O livro é um grande projeto de pesquisa de Marguerite Yourcenar. O que ela buscava? “Tornar uma vida conhecida, acabada, fixada (tanto quanto possa sê-lo) pela história, de modo a abranger com um único olhar a curva inteira; mais ainda, escolher o momento em que o homem que viveu essa existência a avalia, a examina, e por um instante chega a ser capaz de julgá-la. Fazer de modo que ele se encontre perante a sua própria vida na mesma posição que nós.” Mas não apenas isso. Ao longo do processo, as circunstâncias acabaram obrigando-a “a tentar preencher não somente a distância que me separava de Adriano, mas sobretudo aquela que me separava de mim mesma.”

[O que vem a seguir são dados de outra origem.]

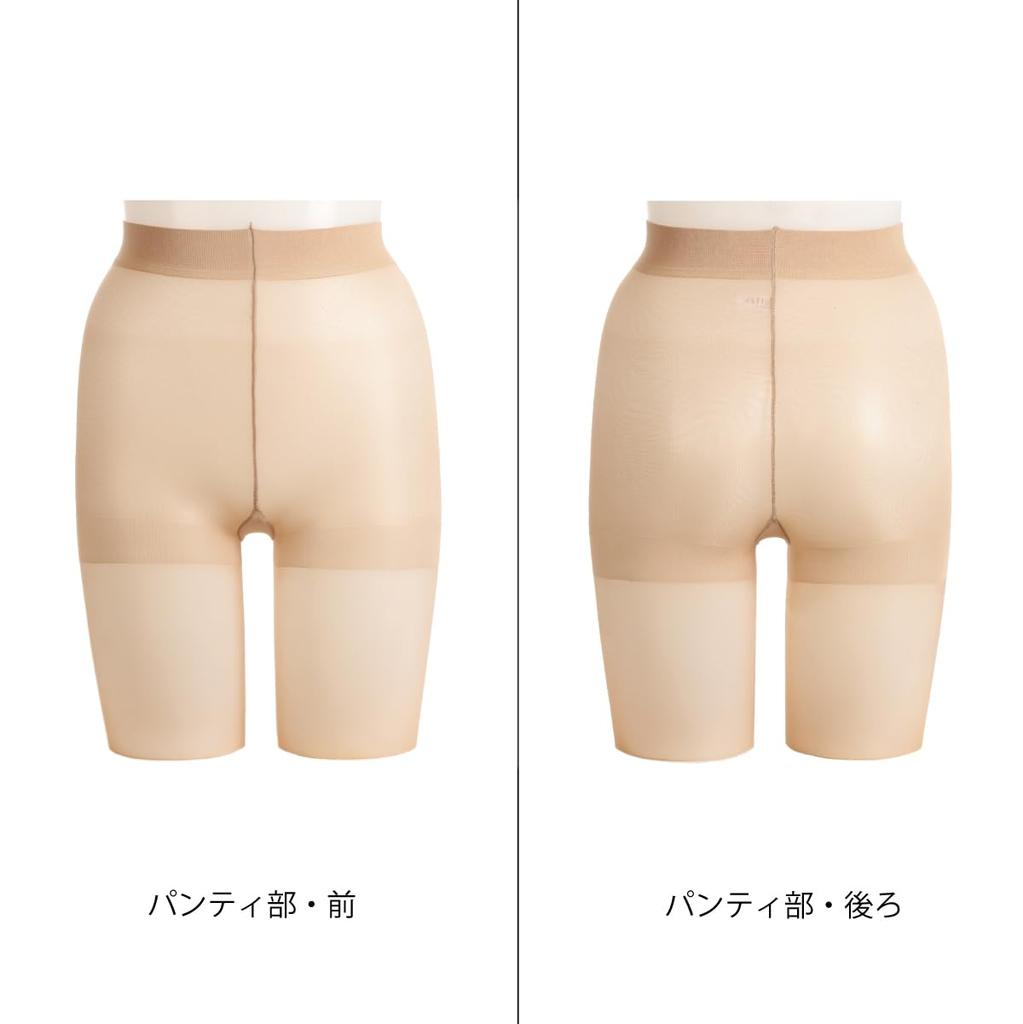 Atsugi ASTIGU Warm Stretchable and Triple Set of Skinny Sizes Stockings, Warm, Heating, AP6011, 3, Women's, Beige, M-L
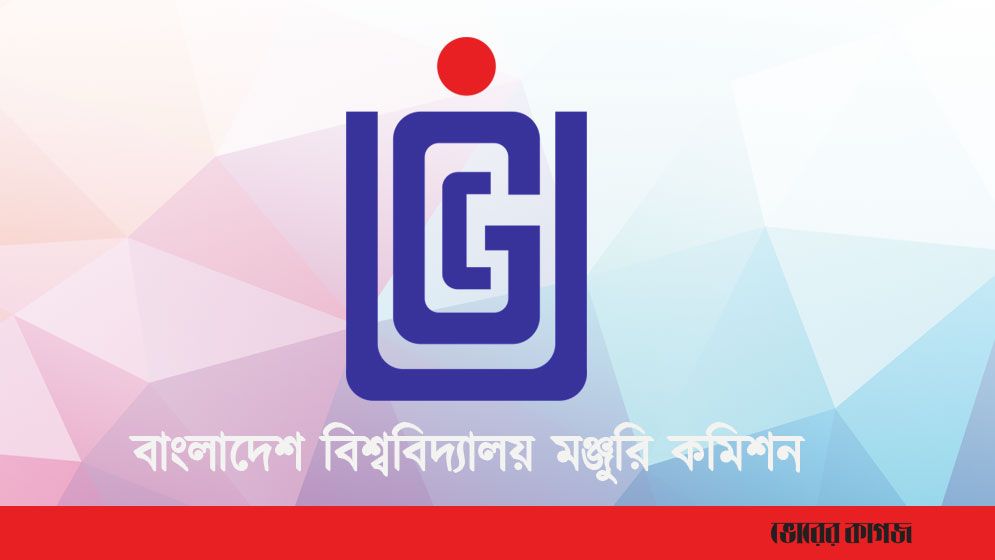 বিশ্ববিদ্যালয়ে আর্থিক শৃঙ্খলা মেনে চলার আহ্বান ইউজিসির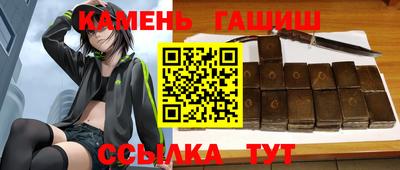 гашишное масло Бугуруслан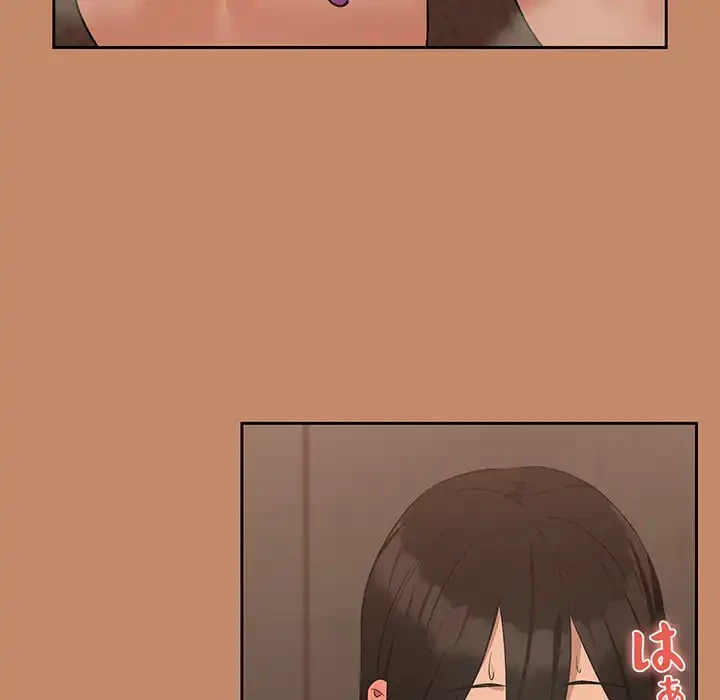 退勤すれば恋のはじまり 第16話 - 25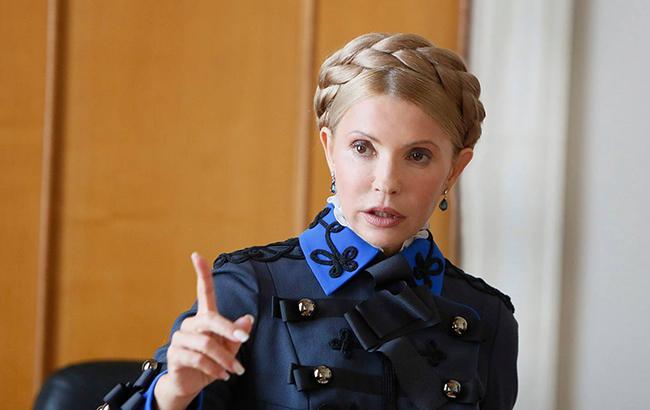 Тимошенко призвала к дискуссии для определения "моральных авторитетов нации"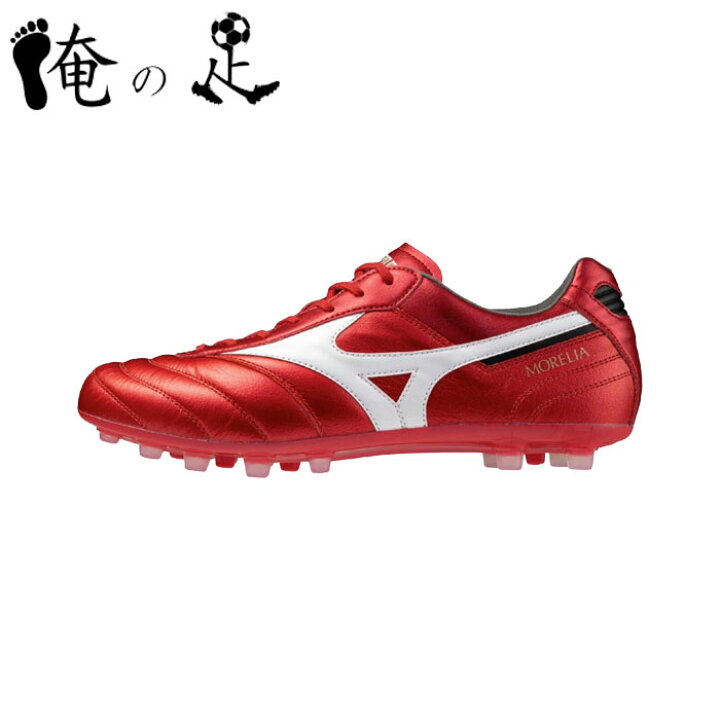 楽天市場】モレリア2 エリート AG P1GA250560 Ruby Red Pack ルビー 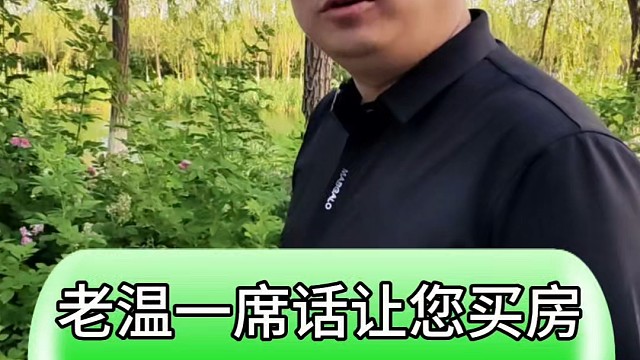 听老温一席话 让您买房卖房不再焦虑#天津买房 #房产知识 #房产知识分享 #买房避坑 #一个敢说真话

Essa aproximação que a autora buscou ter com Adriano deu-lhe a certeza de que “se pode reduzir à vontade a distância dos séculos”. Convenhamos que essa descoberta não é nenhuma novidade para os cristãos, acostumados que estão com a Comunhão dos Santos de hoje e de ontem.

Em uma das entradas do Caderno de notas que acompanha o texto das Memórias, a autora diz que “[b]em depressa compreendi que escrevia a vida de um grande homem. Desse momento em diante, impôs-se maior respeito pela verdade, maior atenção e, de minha parte, maior silêncio.”

Antes, porém, que o silêncio se imponha sobre nós e sobre o corpo sem vida de Adriano, ouçamos o que ele disse à sua própria alma pela última vez:

“Pequena alma, alma terna e inconstante, companheira do meu corpo, de que foste hóspede, vais descer àqueles lugares pálidos, duros e nus, onde deverás renunciar aos jogos de outrora. Por um momento, contemplemos juntos ainda os lugares familiares, os objetos que certamente nunca mais veremos… Esforcemo-nos por entrar na morte com os olhos abertos…”

É uma bonita imagem para um pagão. Que antes da Revelação Cristã Sócrates pudesse conceber a vida e a morte dessa forma é perfeitamente compreensível; que Adriano ainda pense assim 520 anos depois, nem tanto. Sigamos, entretanto, o conselho do próprio imperador: concordemos em aceitá-lo. Eis o homem, transformado naquilo que ele foi: um filho adotivo, evidentemente tardio, da Grécia que ele tanto admirava. E que nós não nos imaginemos muito superiores a ele: dezenove séculos depois continuamos todos sendo, em parte, filhos tardios da Grécia.